# Setup and Loss Definition

In [6]:
# sample data
import numpy as np
y_true = np.array([1, 0, 1, 1, 0])
y_pred = np.array([0.9, 0.2, 0.8, 0.7, 0.1])

In [2]:
def cross_entropy(y_true, y_pred, lambda_reg=None):
    if lambda_reg:
        return -1*np.sum(
            y_true * np.log(y_pred) + (1-y_true)*np.log(1-y_pred)
        ) + lambda_reg*np.sum(y_pred**2)
    else:
        return -1*np.sum(
            y_true * np.log(y_pred) + (1-y_true)*np.log(1-y_pred)
        )

In [None]:
# unregularized log loss
cross_entropy(y_true, y_pred)

np.float64(1.0136830778828045)

In [9]:
# regularized log loss
cross_entropy(y_true, y_pred, .5)

np.float64(2.0086830778828046)

# Modify Predictions, Understand Impact to Regularized Loss

Let's try some different pred sets and see how it impacts the regularized loss. 

In [16]:
adjustments = np.arange(.1, 1, .1)
for adj in adjustments:
    y_pred_adj = y_pred*adj
    log_loss=cross_entropy(y_true, y_pred_adj)
    regularized_loss=cross_entropy(y_true, y_pred_adj, .5)
    print(f"Trying adj of {np.round(adj,2)}: Log loss {np.round(log_loss,2)}, Reguarlized Log loss {np.round(regularized_loss,2)}")

Trying adj of 0.1: Log loss 7.62, Reguarlized Log loss 7.63
Trying adj of 0.2: Log loss 5.57, Reguarlized Log loss 5.61
Trying adj of 0.3: Log loss 4.39, Reguarlized Log loss 4.48
Trying adj of 0.4: Log loss 3.56, Reguarlized Log loss 3.72
Trying adj of 0.5: Log loss 2.92, Reguarlized Log loss 3.17
Trying adj of 0.6: Log loss 2.41, Reguarlized Log loss 2.77
Trying adj of 0.7: Log loss 1.98, Reguarlized Log loss 2.47
Trying adj of 0.8: Log loss 1.61, Reguarlized Log loss 2.25
Trying adj of 0.9: Log loss 1.29, Reguarlized Log loss 2.1


## Discussion of results

What is clear to me here is that the further away from 1 the predictions are, the closer the unregularized log loss becomes to the regularized version.
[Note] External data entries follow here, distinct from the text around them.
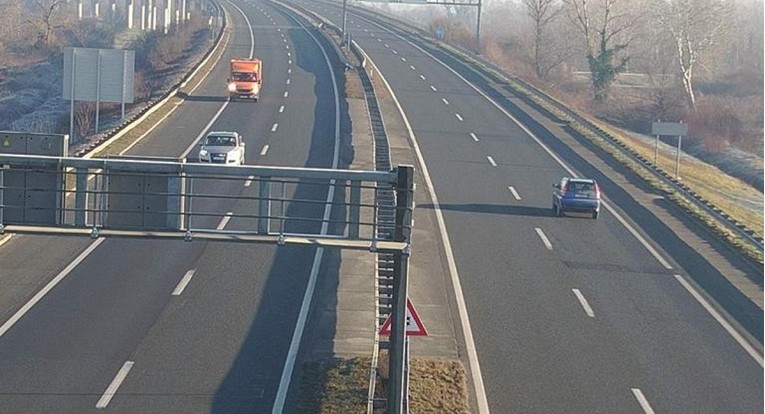 HAK: Moguća poledica, zagrebačkom obilaznicom se vozi 80 km/h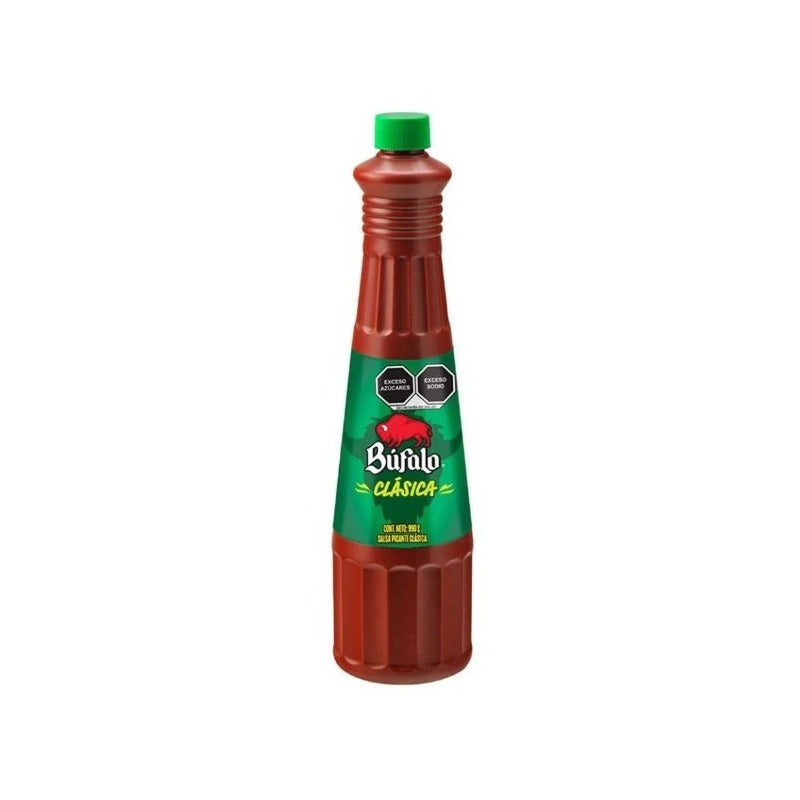 Salsa Picante Búfalo Clásica 990 G (2 Piezas)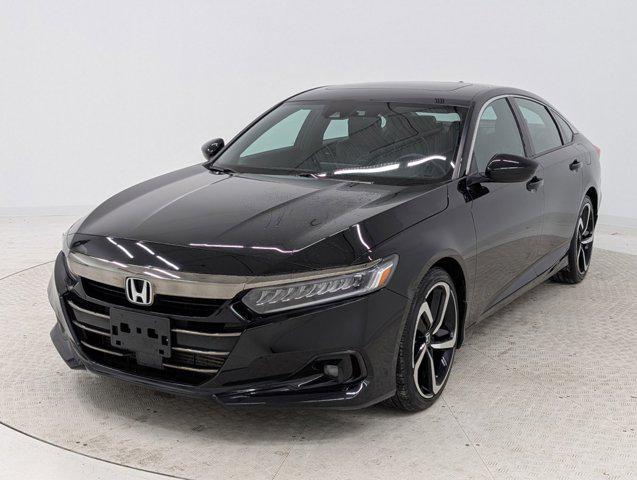 used 2021 Honda Accord car, priced at $25,598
This tells us that the regularization is penalizing predictions close to 1, making the model a bit more conservative in terms of predicting the positive class. Normally this kind of regularization would be done on the models weights themselves rather than the predictions (to discourage overfitting and make the model a bit more sparse).